No matter your age, mourning the loss of a loved is never easy and there's no clear way to cope after someone close has passed away.
“Everybody grieves differently,” said Sarah Ticich, bereavement facilitator and head of grief support groups at Hospice of the Calumet Area.
The grieving process can differ depending on whether this is the first significant loss for the bereaved or the person has lost a loved one before. And there's no set time limit for grief.
Ticich said she has encountered people who have accepted a loss fairly quickly.

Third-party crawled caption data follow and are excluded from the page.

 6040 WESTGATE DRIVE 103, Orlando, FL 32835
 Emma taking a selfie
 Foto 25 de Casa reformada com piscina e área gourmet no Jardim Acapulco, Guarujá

Others, she said, haven’t gone through the deceased's belongings a year after they passed away.
“It’s an individual thing,” Ticich said.
The National Institute on Aging indicates people will experience both good and tough times while grieving.
“You will know you are feeling better when there are more good days than bad,” according to the organization.

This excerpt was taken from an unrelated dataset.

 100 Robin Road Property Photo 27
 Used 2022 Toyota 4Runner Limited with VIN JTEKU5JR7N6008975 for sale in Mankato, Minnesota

Talking with family and friends can bring comfort and seeking spiritual advice can provide comfort after a loss.
The NIA indicates planning daily activities is helpful for many.
Volunteering, joining a group, taking a class, visiting a library, spending time with family and walking with friends are among those activities.
The death of a loved can make it difficult to handle tasks, hard to sleep and tough to concentrate, but taking care of yourself while mourning is essential.
The NIA suggests eating healthy food, getting sufficient sleep, exercising and staying current with visits to your physician.
It can be important to seek assistance, especially when the bereaved can't cope by themselves.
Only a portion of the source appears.